╭─ RECORDED DATA

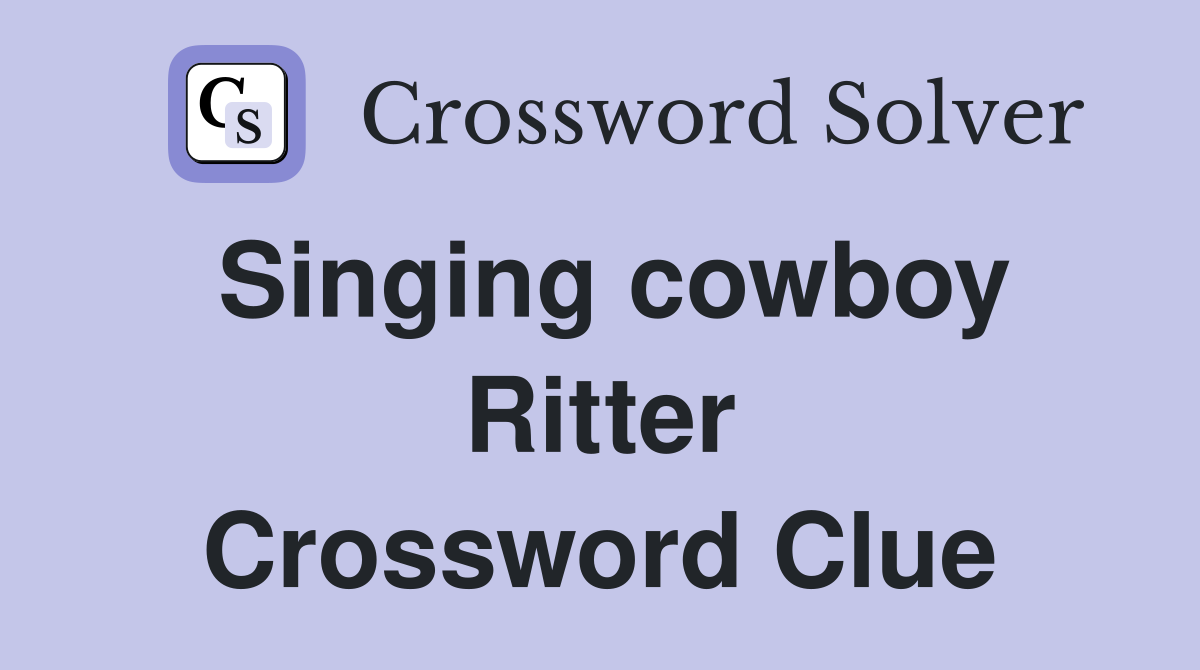 Singing cowboy Ritter Crossword Clue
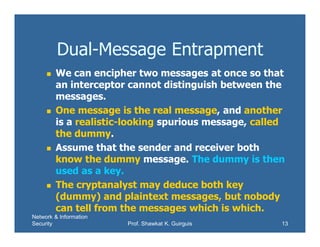 Network & Information
Security Prof. Shawkat K. Guirguis 13
Dual-Message Entrapment
 We can encipher two messages at once so that
an interceptor cannot distinguish between the
messages.
 One message is the real message, and another
is a realistic-looking spurious message, called
the dummy.
 Assume that the sender and receiver both
know the dummy message. The dummy is then
used as a key.
 The cryptanalyst may deduce both key
(dummy) and plaintext messages, but nobody
can tell from the messages which is which.
 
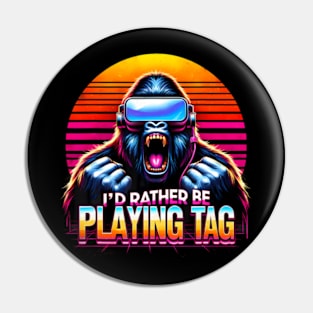 Id Rather Be Playing Tag Funny Gorilla Meme Vr Gamer Gear Pin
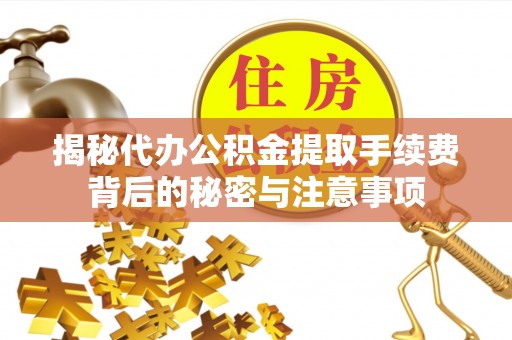 宿城揭秘代办公积金提取手续费背后的秘密与注意事项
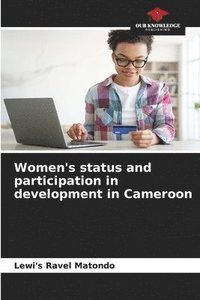 bokomslag Women's status and participation in development in Cameroon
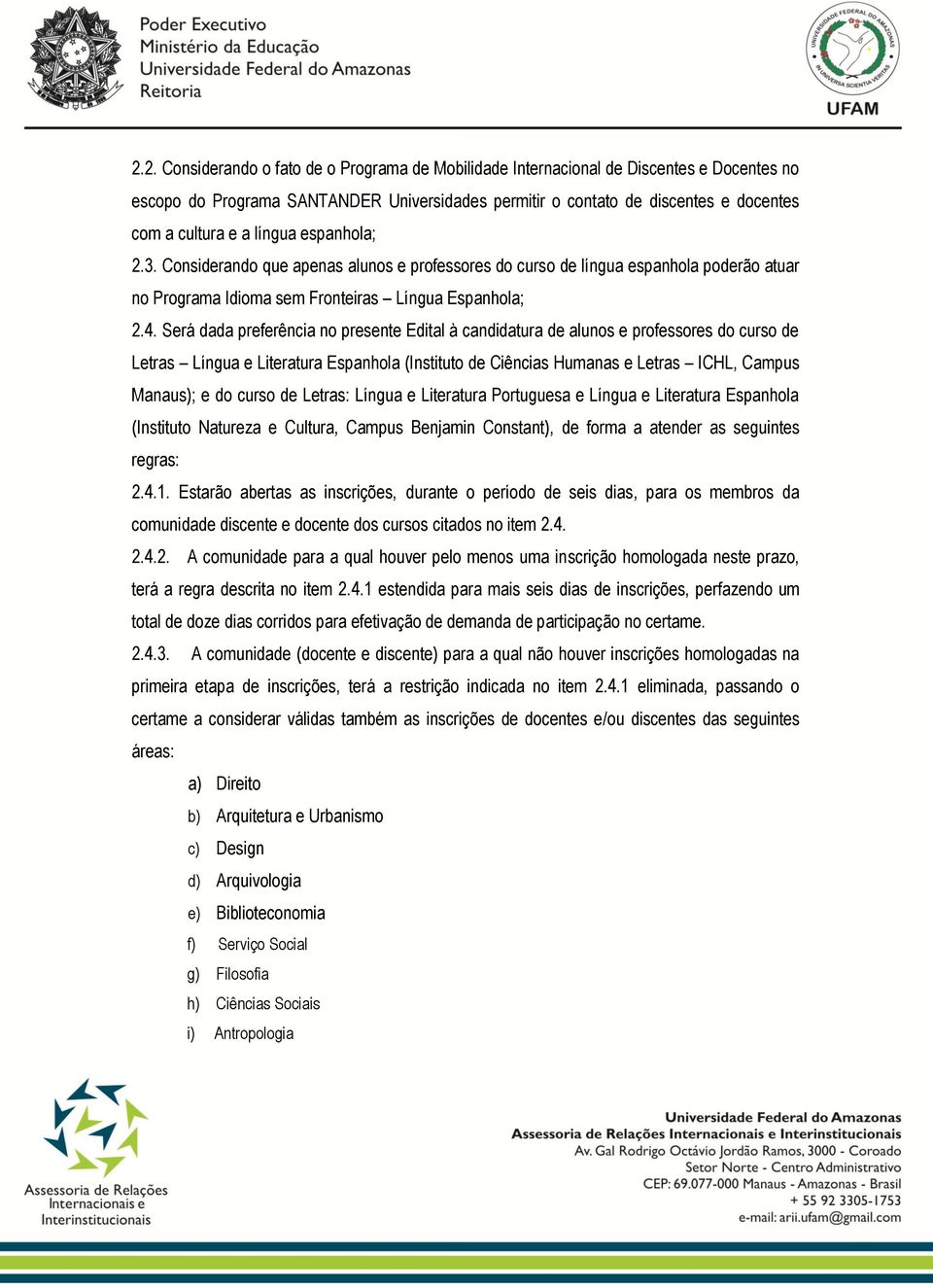 Será dada preferência no presente Edital à candidatura de alunos e professores do curso de Letras Língua e Literatura Espanhola (Instituto de Ciências Humanas e Letras ICHL, Campus Manaus); e do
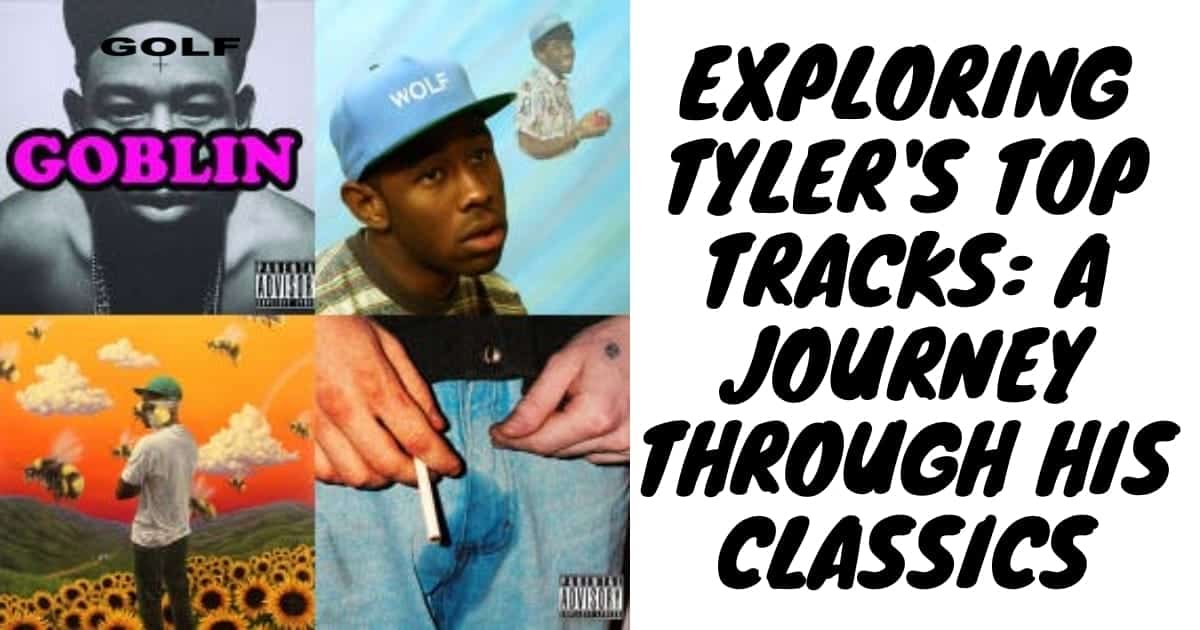Exploring Tyler's Top Tracks A Journey Through His Classics
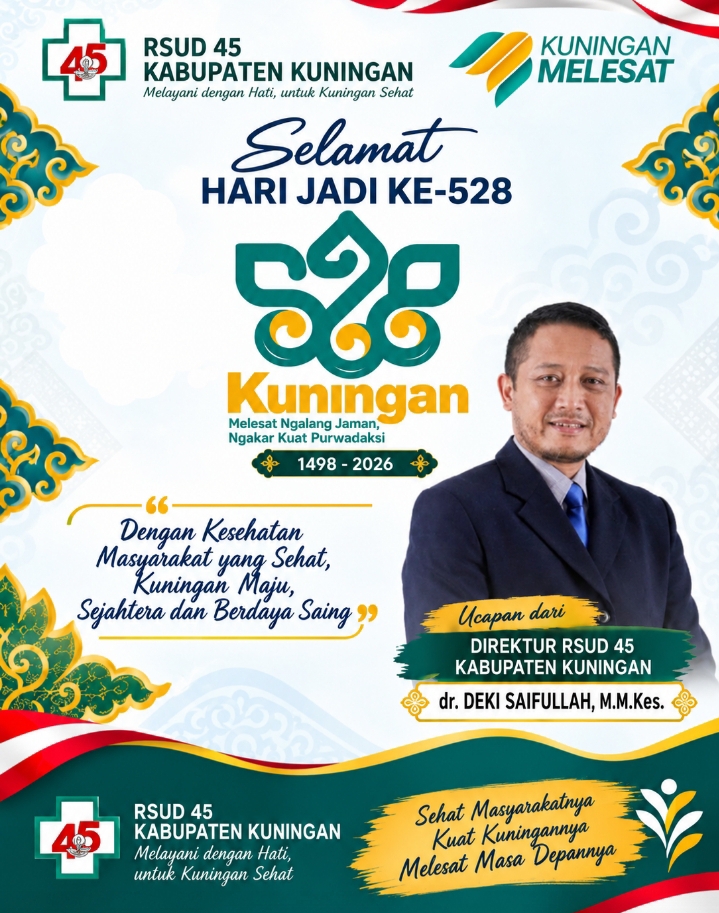 DIREKTUR RSUD 45 KABUPATEN KUNINGAN MENGUCAPKAN HARI JADI KE-528 KUNINGAN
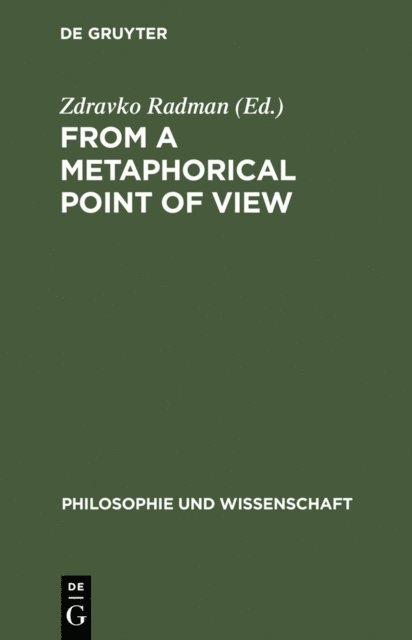 Zdravko Radman - From a Metaphorical Point of View, E-bok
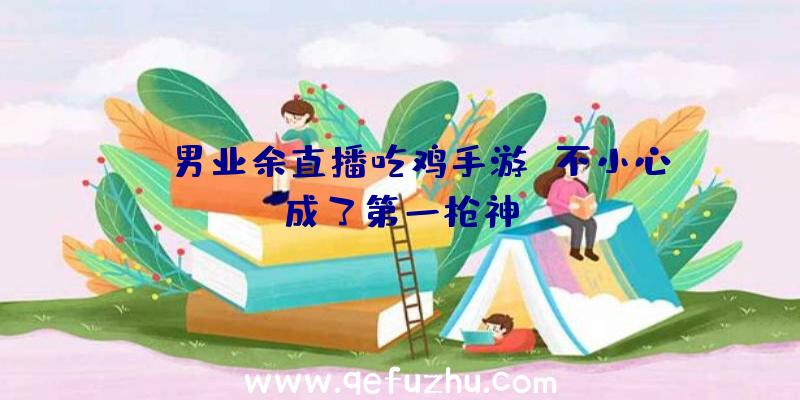 IT男业余直播吃鸡手游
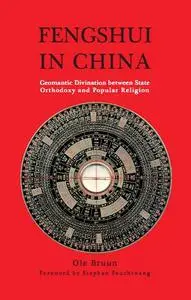 Fengshui in China: Geomantic Divination between State Orthodoxy and Popular Religion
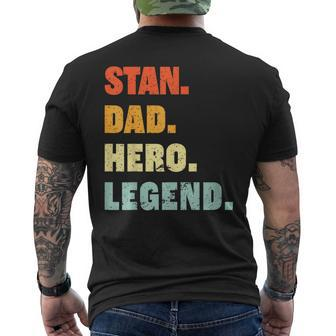 Stan Dad Hero Legend Personalized Custom Name Fathers Day Men's T-shirt Back Print - Monsterry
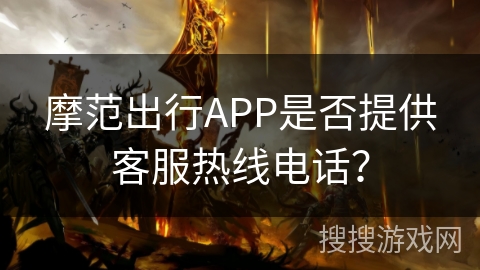 摩范出行APP是否提供客服热线电话？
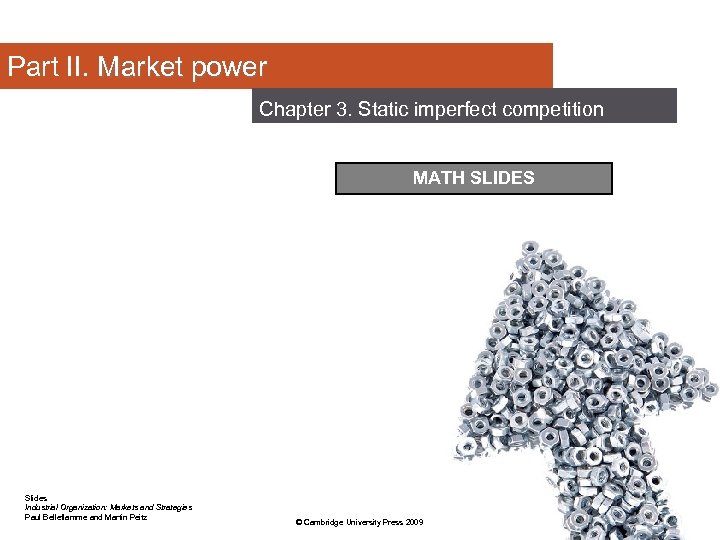 Part II. Market power Chapter 3. Static imperfect competition MATH SLIDES Slides Industrial Organization:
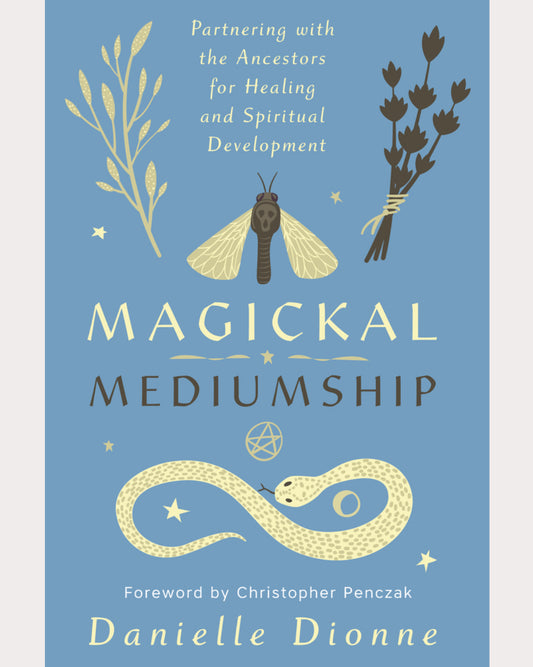 Magickal Mediumship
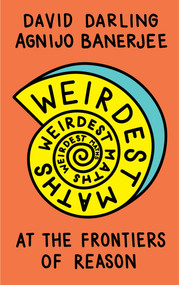 Weirdest Maths (At the Frontiers of Reason) by David Darling, Agnijo Banerjee, 9781786078056
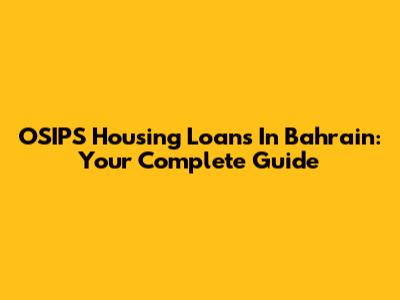 OSIPS Housing Loans In Bahrain: Your Complete Guide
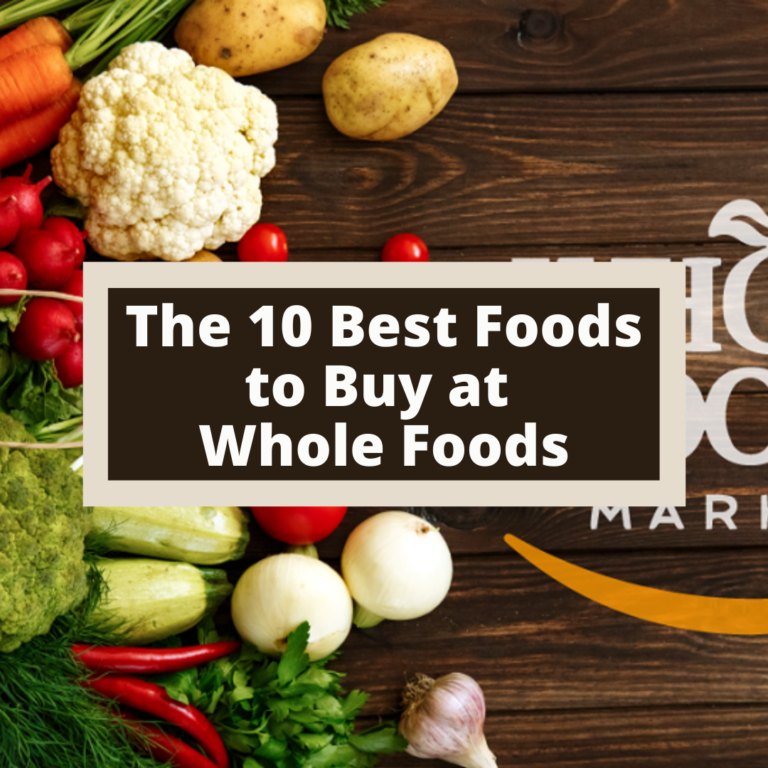 The 10 Best Things to Buy at Whole Foods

╰─

WHAT NEEDS TO BE DONE:
Return the listing above in full and exactly, omitting all pictures.

TASK ANSWER:
 Singing cowboy Ritter Crossword Clue
 Network & Information
Security Prof. Shawkat K. Guirguis 13
Dual-Message Entrapment
 We can encipher two messages at once so that
an interceptor cannot distinguish between the
messages.
 One message is the real message, and another
is a realistic-looking spurious message, called
the dummy.
 Assume that the sender and receiver both
know the dummy message. The dummy is then
used as a key.
 The cryptanalyst may deduce both key
(dummy) and plaintext messages, but nobody
can tell from the messages which is which.
 
 Id Rather Be Playing Tag Funny Gorilla Meme Vr Gamer Gear Pin
 宿城揭秘代办公积金提取手续费背后的秘密与注意事项
 bokomslag Women's status and participation in development in Cameroon
 Será dada preferência no presente Edital à candidatura de alunos e professores do curso de Letras Língua e Literatura Espanhola (Instituto de Ciências Humanas e Letras ICHL, Campus Manaus); e do
Exploring Tyler's Top Tracks A Journey Through His Classics
 DIREKTUR RSUD 45 KABUPATEN KUNINGAN MENGUCAPKAN HARI JADI KE-528 KUNINGAN
 Zdravko Radman - From a Metaphorical Point of View, E-bok
 IT男业余直播吃鸡手游
 Fengshui in China: Geomantic Divination between State Orthodoxy and Popular Religion
 Stan Dad Hero Legend Personalized Custom Name Fathers Day Men's T-shirt Back Print - Monsterry
 摩范出行APP是否提供客服热线电话？
 Part II. Market power Chapter 3. Static imperfect competition MATH SLIDES Slides Industrial Organization:
 Magickal Mediumship
 Weirdest Maths (At the Frontiers of Reason) by David Darling, Agnijo Banerjee, 9781786078056
 OSIPS Housing Loans In Bahrain: Your Complete Guide
 The 10 Best Things to Buy at Whole Foods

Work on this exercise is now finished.